# what do you guys think of my set-up?



## CorrectNickName (Jul 31, 2012)

Hello all!
I'd like to get all honest opinions on my set-up. Or what I should do differently. This is my first build, so far I think I'm on the right track.
Room:12x14 8ft ceiling. Its a small rectangle. Only opening is the window and door.
Monitor: Samsung pn64e7000. Wall mounted 48" off the floor.
Avr: onkyo tx-nr818
DVD: Panasonic dmp-bdt320
Game: xbox360
Connections: monster 1000 HDMI connecting everything together.
Center speaker: klipsch rc-62 II. 
Towerspeakers: *soon* klipsch rf-62 II.

This is it so far. Nex:Tt week ill be purchasing tower speakers. Like I said, I'm open for all ccomments / thoughts. No hard feelings taken. Im still within 30 day return policy. :T


----------



## GoNoles (Jul 7, 2012)

E7000 is a nice plasma, also consider a ST30 though.

Nice AVR

Very nice Blu player

I'd consider Blue Jeans Cable FE series cables, not sure how much you may be overpaying for the Monster HDMI cables

Nice speakers. I have an RC-62II center and two RF-82 II's, love em.


----------



## GoNoles (Jul 7, 2012)

I just looked at the Monster prices, get these HDMI cables instead:

http://www.bluejeanscable.com/store/hdmi-cables/hdmi-cable.htm

Series FE are great and you can buy them in all kinds of custom lengths on Amazon


----------



## popalock (May 19, 2012)

GoNoles said:


> I just looked at the Monster prices, get these HDMI cables instead:
> 
> http://www.bluejeanscable.com/store/hdmi-cables/hdmi-cable.htm
> 
> Series FE are great and you can buy them in all kinds of custom lengths on Amazon


Or go to www.monoprice.com for all of he AVR accessories you would ever need.

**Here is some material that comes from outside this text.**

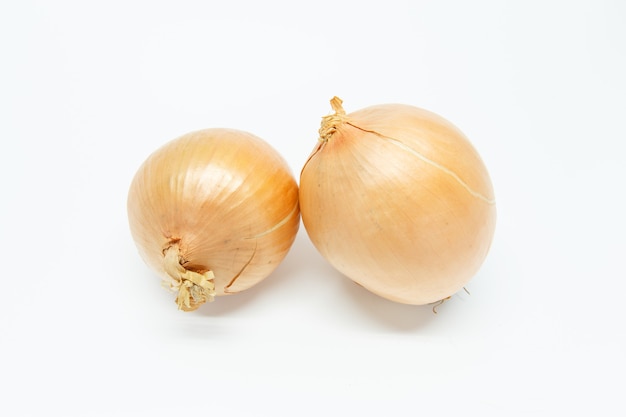 Red onions on white background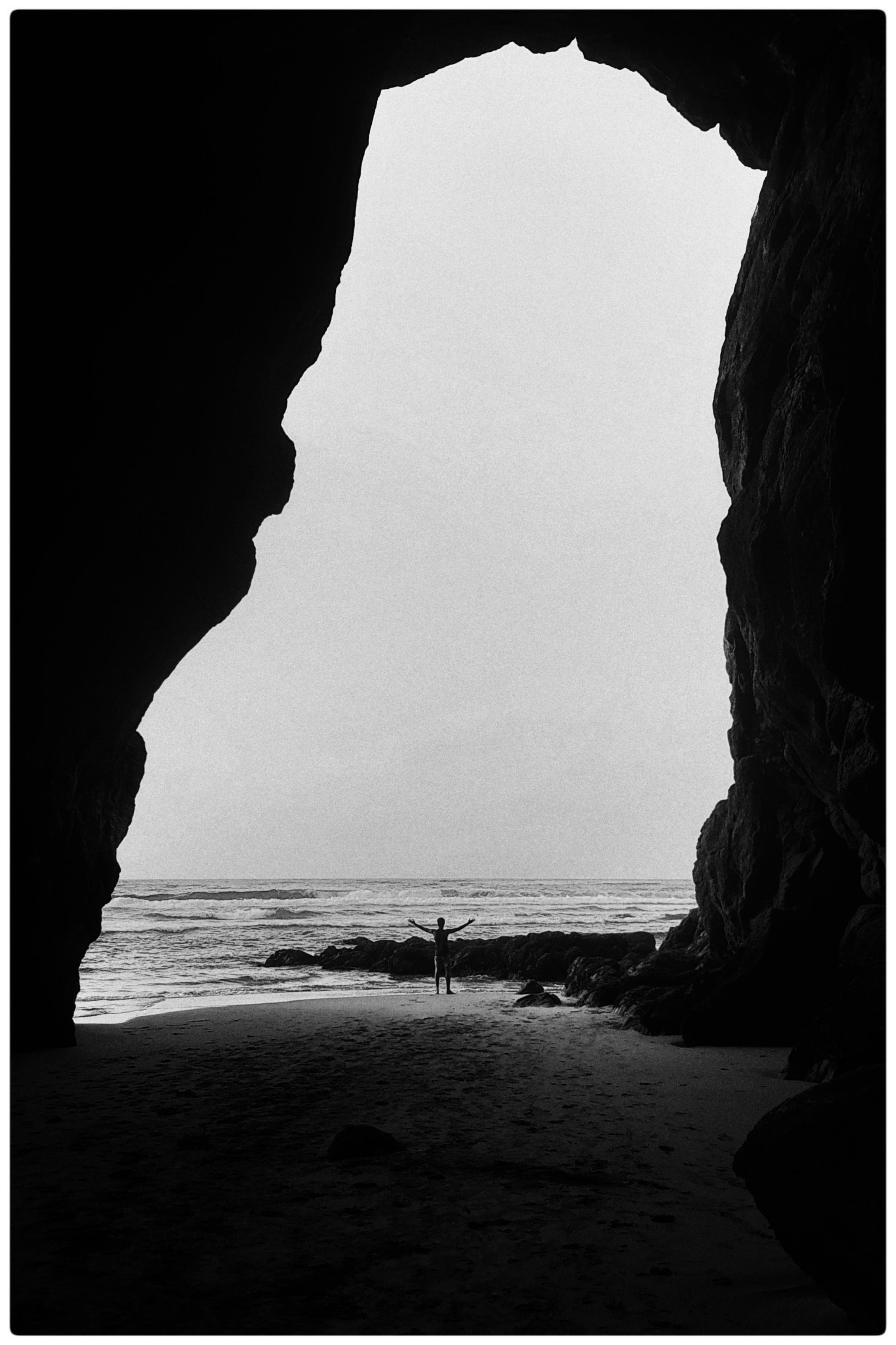 Silhouette of a person standing with arms outstretched on a sandy beach, framed by a large dark sea cave opening, with rocks and ocean waves beyond under a bright sky.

They have literally saved me thousands of dollars on cables alone.

Welcome to the forum. You will soon find out that he commercially hyped brands (such as Monster, Bose, etc...) can't hold a candle to most of the suggestions you will get here on the forums! A mere year ago I was having to rely on Best Buy for my HT needs as well. If I only knew then what I know now...

Start saving up for a sub man!!! Come back to us if you have any questions.

*Edit: Actually come back to us before you make any purchasing decisions. We're here for your benefit and if you can learn from our mistakes (and not make the same ones) the forum is serving it's ultimate purpose!


----------



## GoNoles (Jul 7, 2012)

I used to use Monoprice for everything, but I found I like mediabridge and BJC better for HDMI, I also tried a BJC sub cable recently and it was nice.

I have some tight bends so I needed more flex, thats the only reason I prefer BJC over media bridge and Monoprice. All good cables.


----------



## CorrectNickName (Jul 31, 2012)

As long as I purchasing thru fry's, I'm getting employee discount. I've read a few bad things already, about monster cables. Does the bluejeancables support 3d? I've been told I should go with monoprice?


----------



## popalock (May 19, 2012)

GoNoles said:


> I used to use Monoprice for everything, but I found I like mediabridge and BJC better for HDMI, I also tried a BJC sub cable recently and it was nice.
> 
> I have some tight bends so I needed more flex, thats the only reason I prefer BJC over media bridge and Monoprice. All good cables.


Cool, great to know!

Are they comparible to Monoprice from a cost perspective...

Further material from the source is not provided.